July saw China’s top steel makers go head-to-head with their Australian iron ore suppliers over price and procurement.
Australian mining giant Rio Tinto secured a record 96.5% year-on-year increase in iron ore contract prices after negotiations with Chinese steel firms, while Brazilian miner Vale followed suit with hikes of between 65% and 71%.
This left BHP Billiton, the world’s third-largest miner, to reach a pricing arrangement. BHP one-upped Rio and Vale, saying it wanted more than a 96.5% increase, as prices did not provide an adequate freight premium.
BHP rubbed salt on the wound when it then proposed ditching annual pricing agreements altogether in favor of a pricing index. The China Iron and Steel Association fired back, calling the suggested scheme an “improper and unfair” way to set ore prices.

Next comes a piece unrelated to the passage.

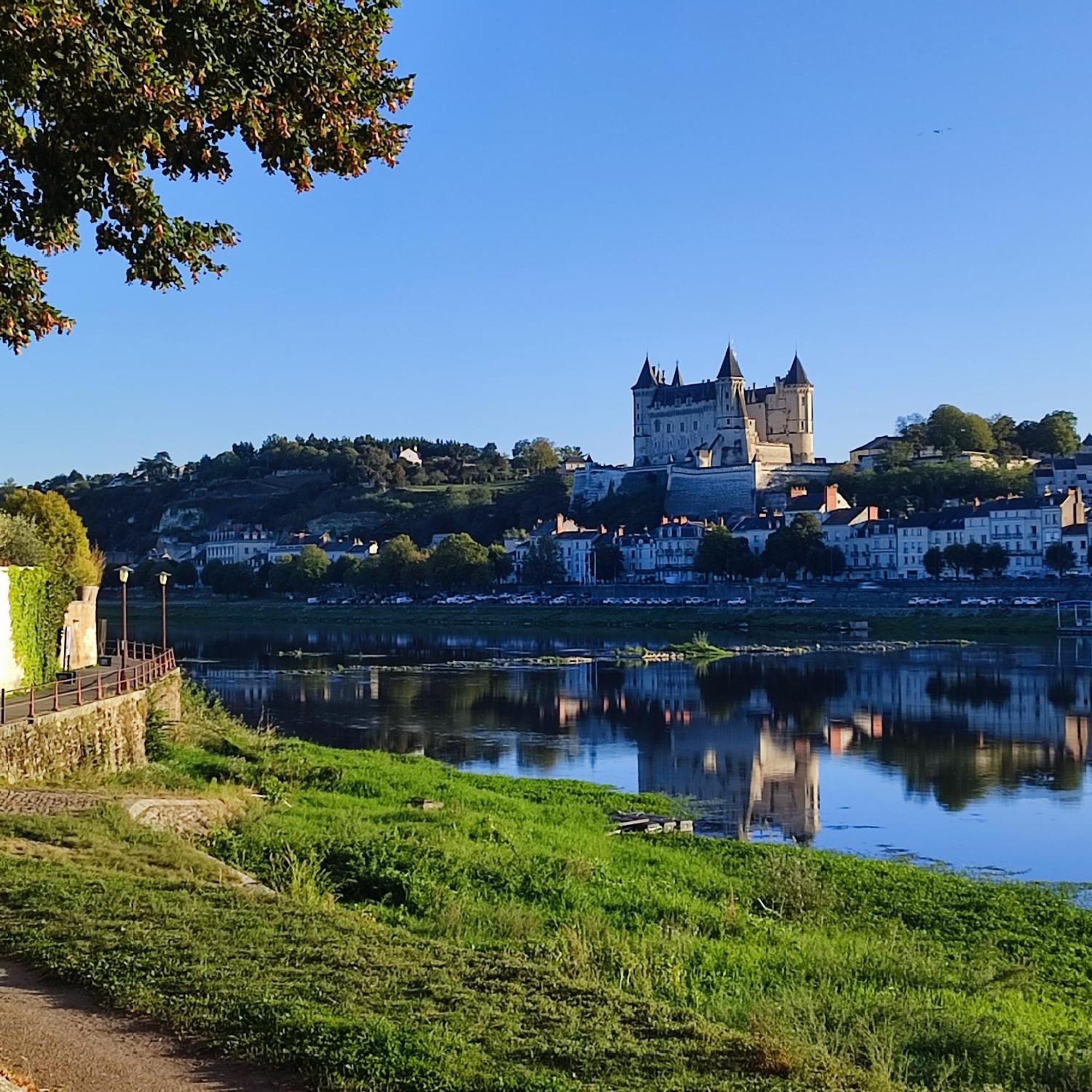 Une - Halte Entre Les Ponts - En Toute Simplicite Appartement Saumur Buitenkant foto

Brief murmurs of a Chinese boycott of BHP iron ore were summarily quashed 10 days later when Baosteel, the country’s second-largest steel maker, acquiesced to a 97% price increase – under an annual contract set-up that will start from April 1.
Other Chinese steel makers sought to take matters into their own hands.
Beijing-based Shougang’s US$4.3 million bid for 19.9% of Property Resources failed to receive regulatory approval in Australia, meeting a similar fate as its April bid for a stake in Mount Gibson.
Sinosteel had better luck. After thwarting Perth-based Midwest Corp’s proposed merger with local rival Murchison Metals, Sinosteel proceeded to buy shares from four Midwest directors to cross the 50% threshold and gain a controlling stake in the miner.
It is the first successful hostile bid by a Chinese company abroad, and it will allow Sinosteel to accelerate mining and transportation development and ship iron ore to China by itself. Who needs a middleman?